- **Data extracts**:

________

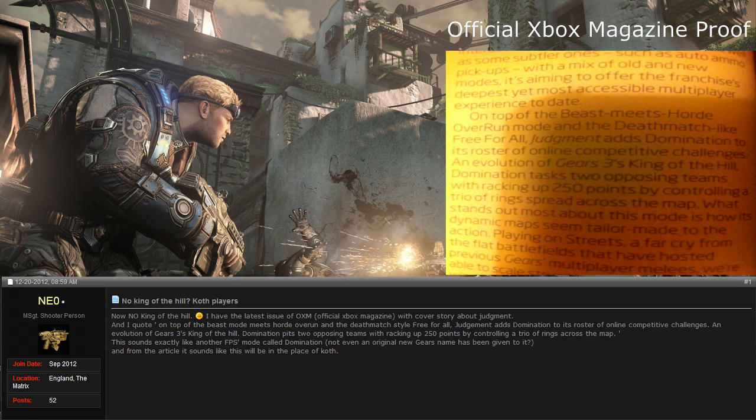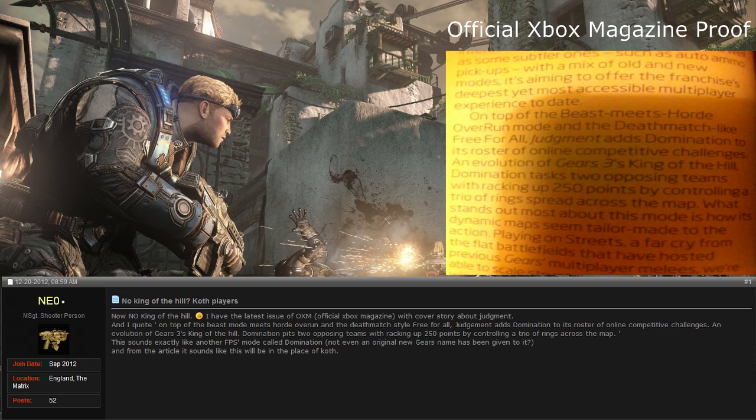An evolution of Gears 3's King of the Hill, domination pits two opposing teams with racking up 250 points by controlling a trio of rings across the map. So like I said, I was not bullshitting when I made the title of the video. It's basically Call of Duty Domination coming to Gears of War Judgment.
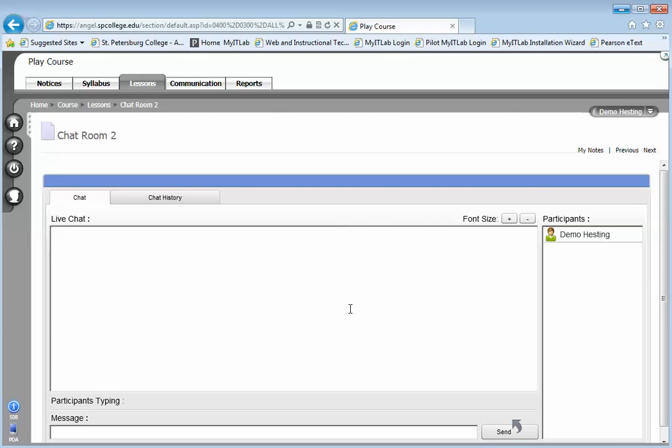This provides an opportunity for students to chat with each other that are working on a group project within a team without other students on other teams seeing what they're doing. So that's how you use the ANGEL chat tool.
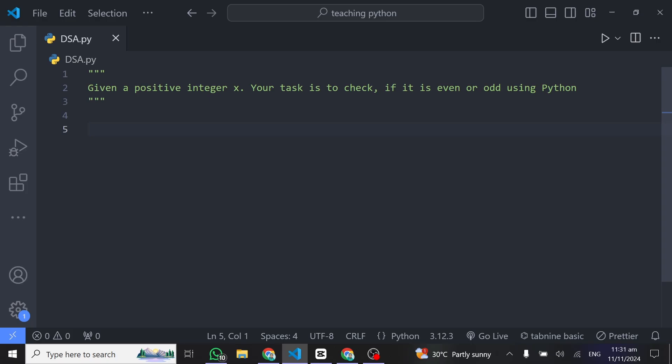All right, so to begin with, let's establish some facts. Every number modulo 2 that returns 0 is an even number, and any number modulo 2 that returns 1 is an odd number.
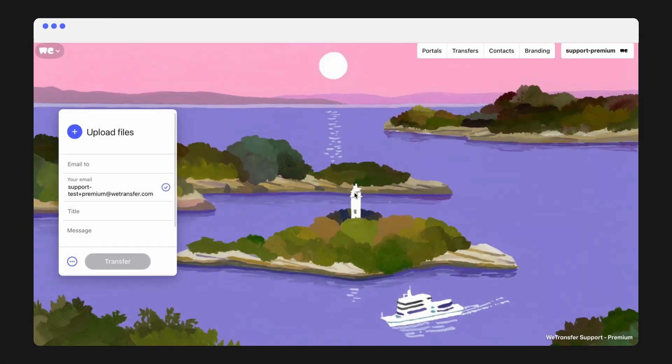Did you know you could add contacts to your WeTransfer account? You can easily save your recipient's details for future transfers.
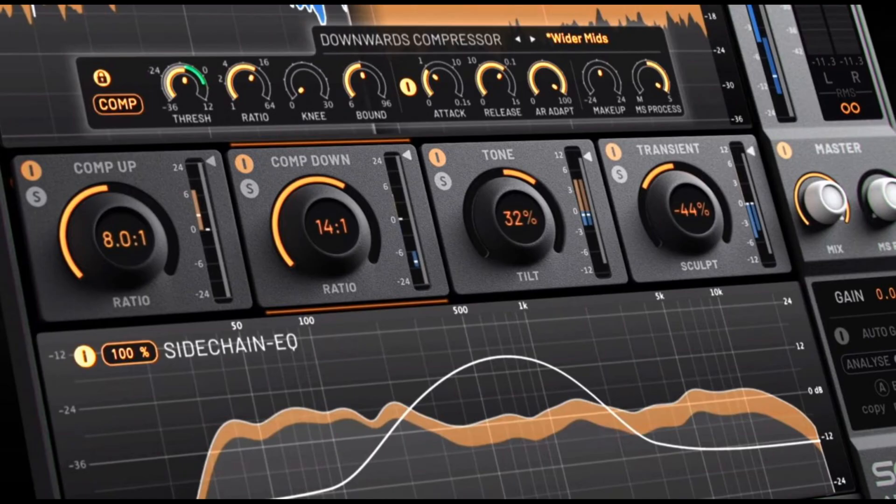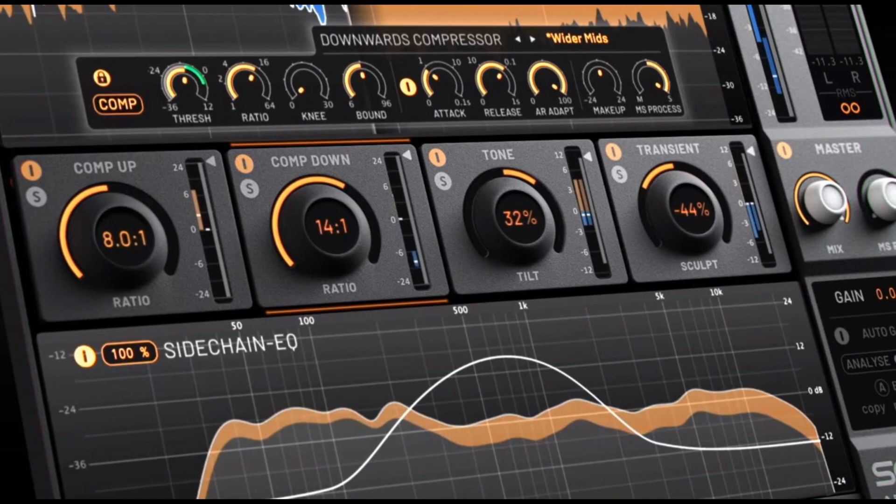I also tried Adapter Sculpt. The thing about MV2 that makes it so great is that it has both upwards and downwards compression at the same time. So you're pulling up those lower parts and also clamping down on the loud bits, which lets you really control the dynamic range — especially for voice.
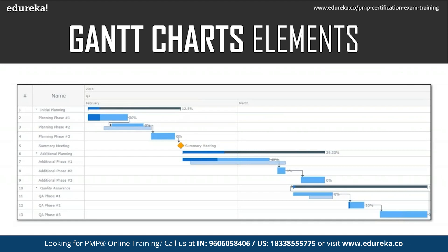We will also have the relationship — who is the successor and which activity is the predecessor — that is also visible. Phase one is connected to phase two, and phase two is connected to phase three. After phase three, it is the summary meeting, summarizing all of this. The dark line represents the plan. Similarly, the lighter blue color represents the plan, whereas the blue color shown indicates the percentage of completion of the work.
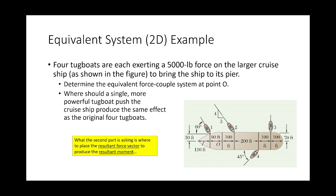To discuss simplifying systems of forces, I need an example of a system that isn't simple. Here's the system we're looking at today: four tugboats, each exerting a 5,000-pound force on a larger cruise ship. I want to determine an equivalent force-couple system at point O, and also where a single more powerful tugboat should push the cruise ship to produce the same effect as the original four.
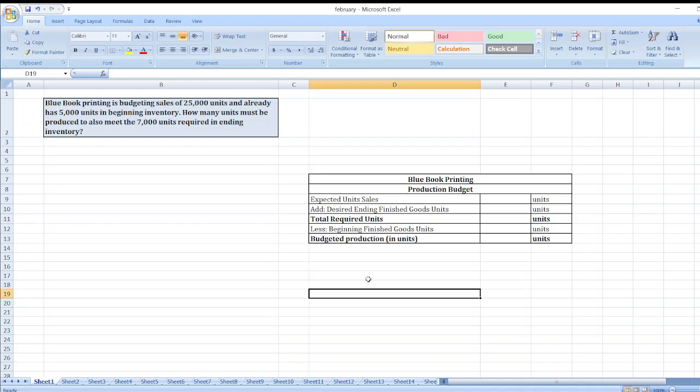Hey guys, the question is: Blue Book Printing is budgeting sales of 25,000 units and already had 5,000 units in beginning inventory. How many units must be produced to also meet the 7,000 units required in ending inventory?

________

- **Task brief**:
Output every line of the records exactly, excluding all pictures.

- **Solution for this exercise**:
An evolution of Gears 3's King of the Hill, domination pits two opposing teams with racking up 250 points by controlling a trio of rings across the map. So like I said, I was not bullshitting when I made the title of the video. It's basically Call of Duty Domination coming to Gears of War Judgment.
This provides an opportunity for students to chat with each other that are working on a group project within a team without other students on other teams seeing what they're doing. So that's how you use the ANGEL chat tool.
All right, so to begin with, let's establish some facts. Every number modulo 2 that returns 0 is an even number, and any number modulo 2 that returns 1 is an odd number.
Did you know you could add contacts to your WeTransfer account? You can easily save your recipient's details for future transfers.
I also tried Adapter Sculpt. The thing about MV2 that makes it so great is that it has both upwards and downwards compression at the same time. So you're pulling up those lower parts and also clamping down on the loud bits, which lets you really control the dynamic range — especially for voice.
We will also have the relationship — who is the successor and which activity is the predecessor — that is also visible. Phase one is connected to phase two, and phase two is connected to phase three. After phase three, it is the summary meeting, summarizing all of this. The dark line represents the plan. Similarly, the lighter blue color represents the plan, whereas the blue color shown indicates the percentage of completion of the work.
To discuss simplifying systems of forces, I need an example of a system that isn't simple. Here's the system we're looking at today: four tugboats, each exerting a 5,000-pound force on a larger cruise ship. I want to determine an equivalent force-couple system at point O, and also where a single more powerful tugboat should push the cruise ship to produce the same effect as the original four.
Hey guys, the question is: Blue Book Printing is budgeting sales of 25,000 units and already had 5,000 units in beginning inventory. How many units must be produced to also meet the 7,000 units required in ending inventory?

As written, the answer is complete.